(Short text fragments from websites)
- - - -

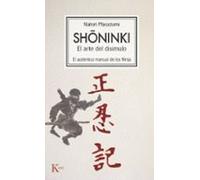 Shoninki: El arte del disimulo. El auténtico manual de los Ninja (Clásicos)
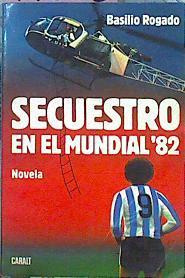 Secuestro En El Mundial 82 | 47666 | Rogado Basilio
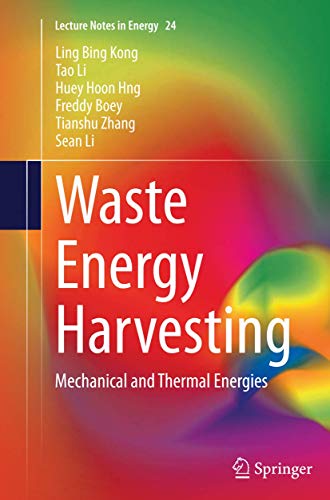 Waste Energy Harvesting: Mechanical and Thermal Energies [Paperback]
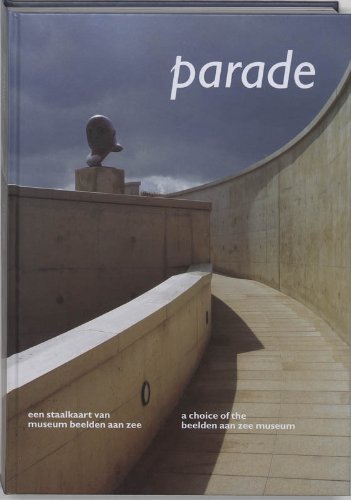 Parade - Een staalkaart van Museum Beelden aan Zee Film, Art & Culture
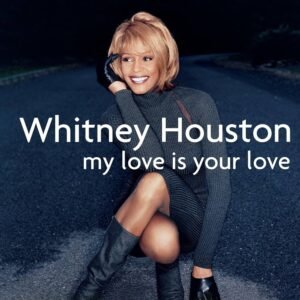 Whitney Houston - My Love Is Your Love (CD) Whitney Houston - My Love Is Your Love (CD)
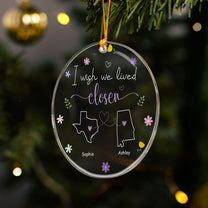 I Wish We Lived Closer - Personalized Acrylic Ornament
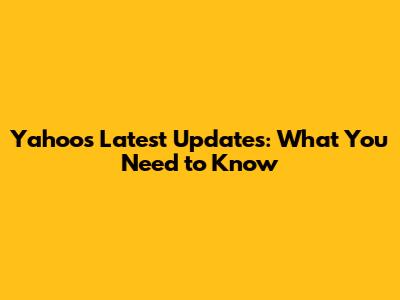 Yahoo's Latest Updates: What You Need to Know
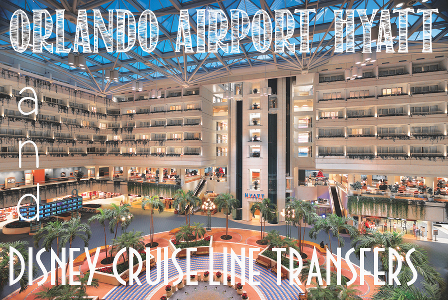 Step by step process of staying at the Hyatt MCO and using Disney Cruise Line transfers before your Disney cruise.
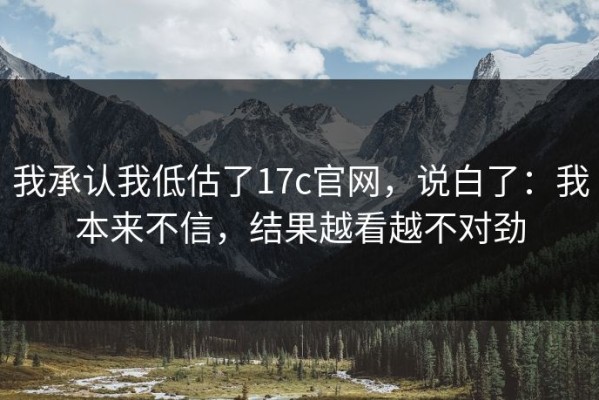 我承认我低估了17c官网，说白了：我本来不信，结果越看越不对劲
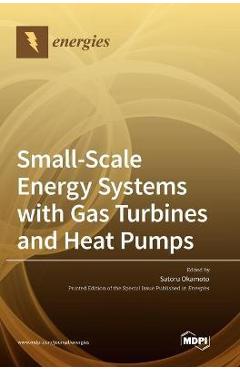 Coperta cărții 'Small-Scale Energy Systems with Gas Turbines and Heat Pumps - Satoru Okamoto'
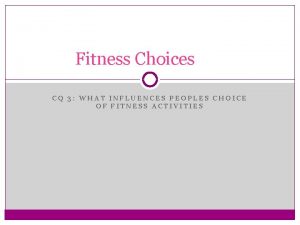 What influences people’s choice of fitness activities?
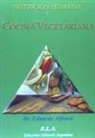 Eduardo Alfonso - Nutrición humana y cocina vegetariana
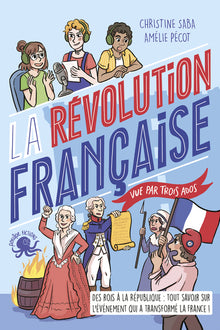 La Révolution française, vue par trois ados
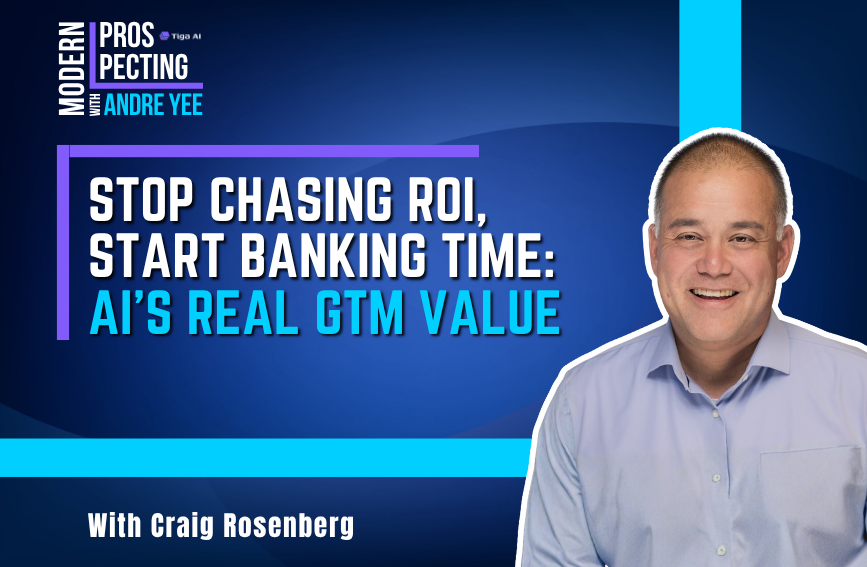 Modern Prospecting Episode 7: Stop Chasing ROI, Start Banking Time: AI?s Real GTM Value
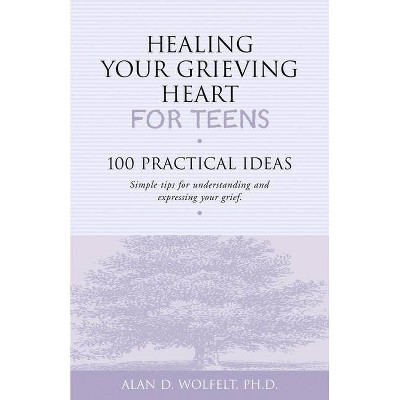 Healing Your Grieving Heart for Teens - by  Alan D Wolfelt (Paperback)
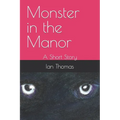 Monster in the Manor: A Short Story - Paperback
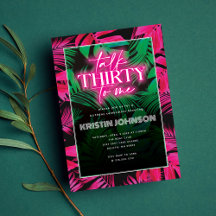 Talk Thirty to Me Neon Rosa Tropisch 30. Geburtsta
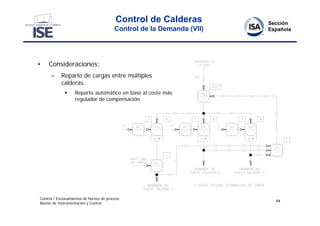 Control de Calderas
                                          Control de la Demanda (VII)




•    Consideraciones:
      –     Reparto de cargas entre múltiples
            calderas.
                  Reparto automático en base al coste más
                   regulador de compensación.




Control / Enclavamientos de hornos de proceso
                                                                        54
Master de Instrumentación y Control
 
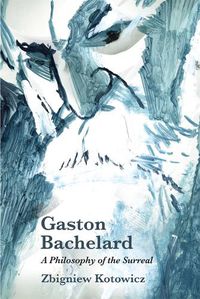 Cover image for Gaston Bachelard: A Philosophy of the Surreal: A Philosophy of the Surreal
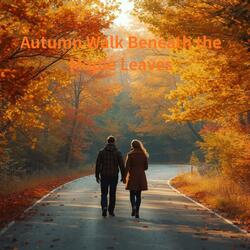 Autumn Walk Beneath the Maple Leaves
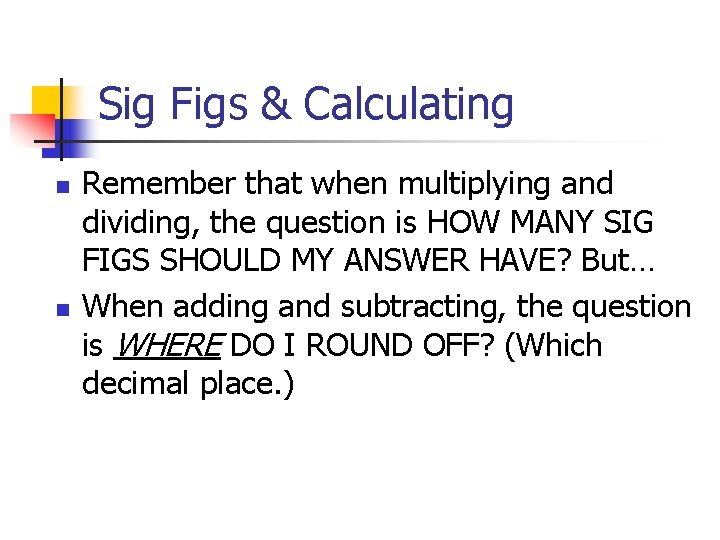 Sig Figs & Calculating n n Remember that when multiplying and dividing, the question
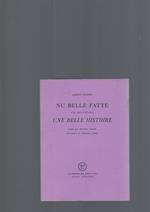 Nu Belle Fatte, Una Bella Storia, Une Belle Histoire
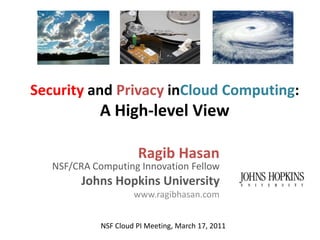 Security and Privacy inCloud Computing: A High-level View Ragib HasanNSF/CRA Computing Innovation Fellow Johns Hopkins University www.ragibhasan.com NSF Cloud PI Meeting, March 17, 2011 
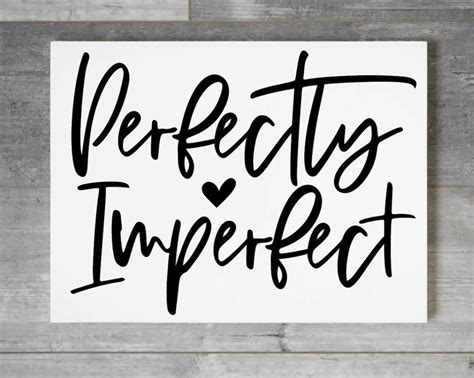 Perfectly Imperfect Signs By Caitlin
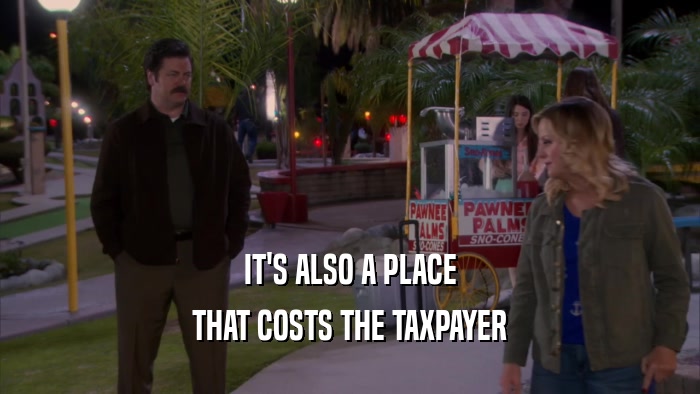 IT'S ALSO A PLACE THAT COSTS THE TAXPAYER 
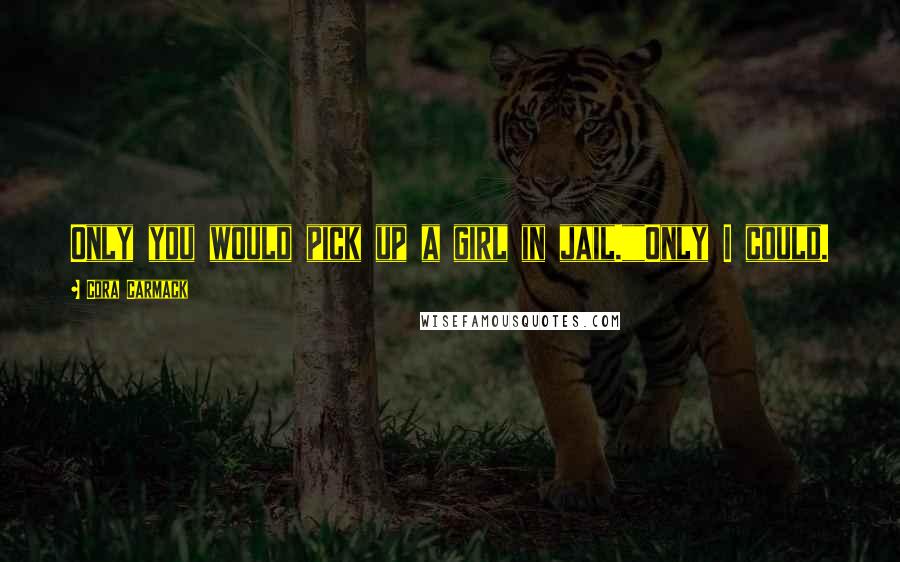 Cora Carmack Quotes: Only you would pick up a girl in jail.""Only I could.
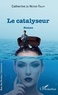 Catherine de Noter-Talvy - Le catalyseur.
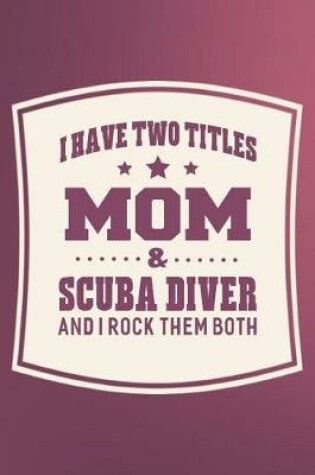 Cover of I Have Two Titles Mom & Scuba Diver And I Rock Them Both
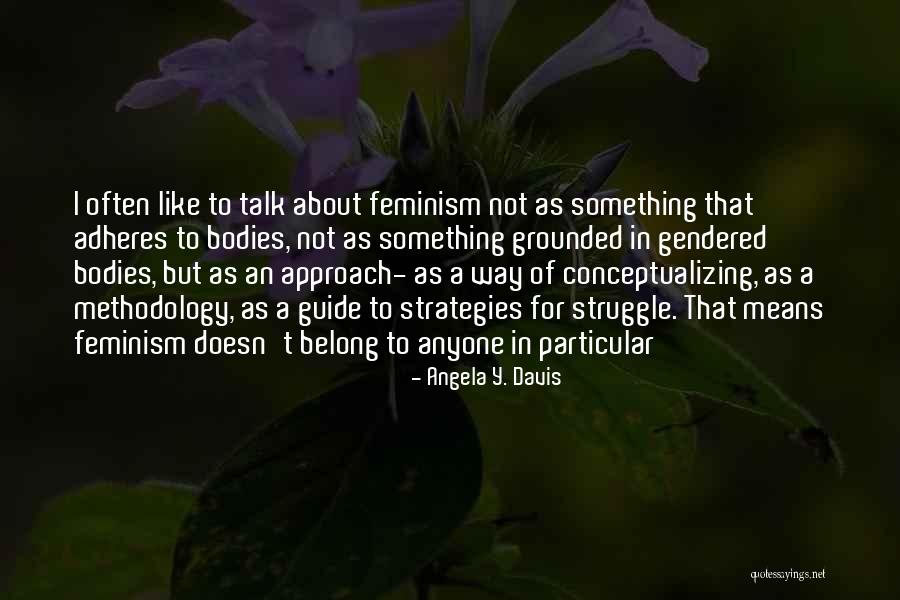 Angela Y. Davis Quotes 2184947 Angela Y. Davis Quotes 2184947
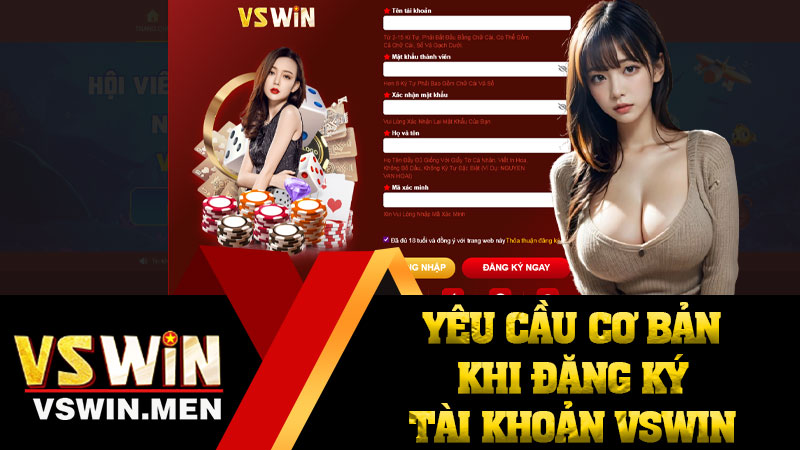 Yêu Cầu Cơ Bản Khi Đăng Ký Tài Khoản VSWIN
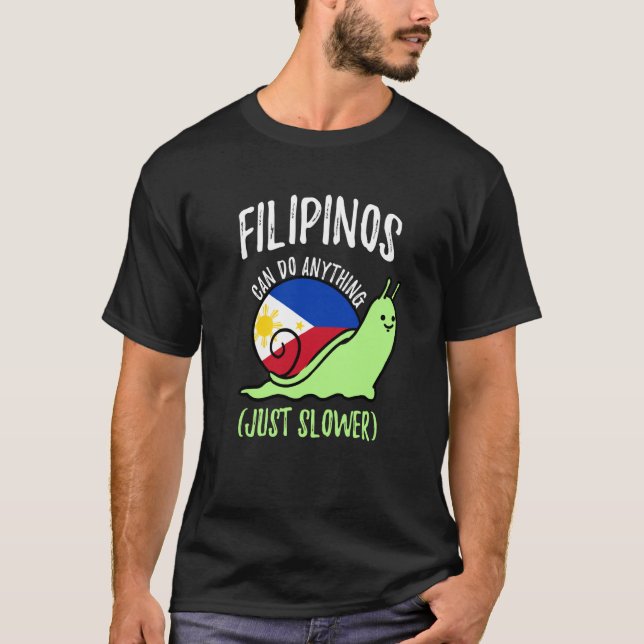 Filipinos Can Do Anything Just Slower  Philippines T-Shirt (Front)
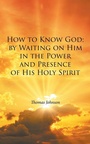 Cover: How to Know God - Christian Faith Publishing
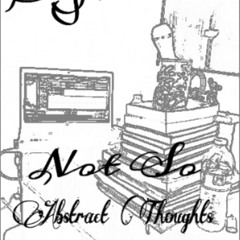 Not So Abstract Thoughts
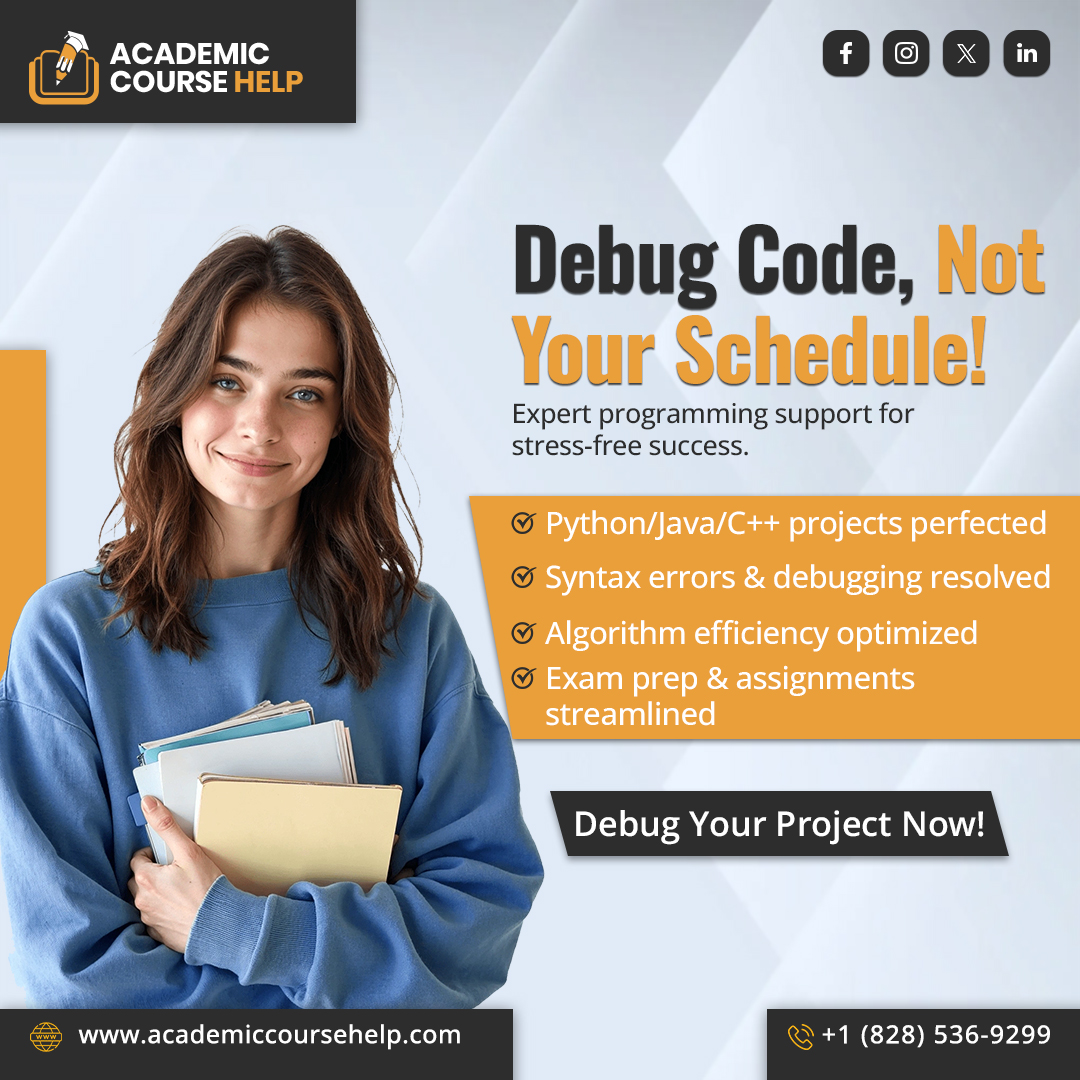 AcademicCourseH's tweet image. Stuck in infinite loops or battling syntax nightmares? Our coding pros debug Python, Java, and C++ projects while teaching optimization techniques. Reclaim your time, ace assignments.
𝐂𝐨𝐝𝐞 𝐲𝐨𝐮𝐫 𝐰𝐚𝐲 𝐭𝐨 𝐭𝐡𝐞 𝐭𝐨𝐩!
.
.
.
#CodingHelp #DebugCode #PythonJavaC++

- - - -

• _EXERCISE DIRECTIONS_: In your copy, restate the data above word for word but leave out any picture.

• _ANSWER FOR THIS EXERCISE_:
 Shoninki: El arte del disimulo. El auténtico manual de los Ninja (Clásicos)
 Secuestro En El Mundial 82 | 47666 | Rogado Basilio
 Waste Energy Harvesting: Mechanical and Thermal Energies [Paperback]
 Parade - Een staalkaart van Museum Beelden aan Zee Film, Art & Culture
 Whitney Houston - My Love Is Your Love (CD) Whitney Houston - My Love Is Your Love (CD)
 I Wish We Lived Closer - Personalized Acrylic Ornament
 Yahoo's Latest Updates: What You Need to Know
 Step by step process of staying at the Hyatt MCO and using Disney Cruise Line transfers before your Disney cruise.
 我承认我低估了17c官网，说白了：我本来不信，结果越看越不对劲
 Coperta cărții 'Small-Scale Energy Systems with Gas Turbines and Heat Pumps - Satoru Okamoto'
 What influences people’s choice of fitness activities?
 Eduardo Alfonso - Nutrición humana y cocina vegetariana
 La Révolution française, vue par trois ados
 Modern Prospecting Episode 7: Stop Chasing ROI, Start Banking Time: AI?s Real GTM Value
 Healing Your Grieving Heart for Teens - by  Alan D Wolfelt (Paperback)
 Monster in the Manor: A Short Story - Paperback
 Talk Thirty to Me Neon Rosa Tropisch 30. Geburtsta
 Control de Calderas
                                          Control de la Demanda (VII)




•    Consideraciones:
      –     Reparto de cargas entre múltiples
            calderas.
                  Reparto automático en base al coste más
                   regulador de compensación.




Control / Enclavamientos de hornos de proceso
                                                                        54
Master de Instrumentación y Control
 
 Cover image for Gaston Bachelard: A Philosophy of the Surreal: A Philosophy of the Surreal
 Autumn Walk Beneath the Maple Leaves
 Sig Figs & Calculating n n Remember that when multiplying and dividing, the question
 Nu Belle Fatte, Una Bella Storia, Une Belle Histoire
 Security and Privacy inCloud Computing: A High-level View Ragib HasanNSF/CRA Computing Innovation Fellow Johns Hopkins University www.ragibhasan.com NSF Cloud PI Meeting, March 17, 2011 
 Perfectly Imperfect Signs By Caitlin
 IT'S ALSO A PLACE THAT COSTS THE TAXPAYER 
 Cora Carmack Quotes: Only you would pick up a girl in jail.""Only I could.
 Catherine de Noter-Talvy - Le catalyseur.
 Cover of I Have Two Titles Mom & Scuba Diver And I Rock Them Both
 Angela Y. Davis Quotes 2184947 Angela Y. Davis Quotes 2184947
 Yêu Cầu Cơ Bản Khi Đăng Ký Tài Khoản VSWIN
 Filipinos Can Do Anything Just Slower  Philippines T-Shirt (Front)
 Cover: How to Know God - Christian Faith Publishing
 Not So Abstract Thoughts
 AcademicCourseH's tweet image. Stuck in infinite loops or battling syntax nightmares? Our coding pros debug Python, Java, and C++ projects while teaching optimization techniques. Reclaim your time, ace assignments.
𝐂𝐨𝐝𝐞 𝐲𝐨𝐮𝐫 𝐰𝐚𝐲 𝐭𝐨 𝐭𝐡𝐞 𝐭𝐨𝐩!
.
.
.
#CodingHelp #DebugCode #PythonJavaC++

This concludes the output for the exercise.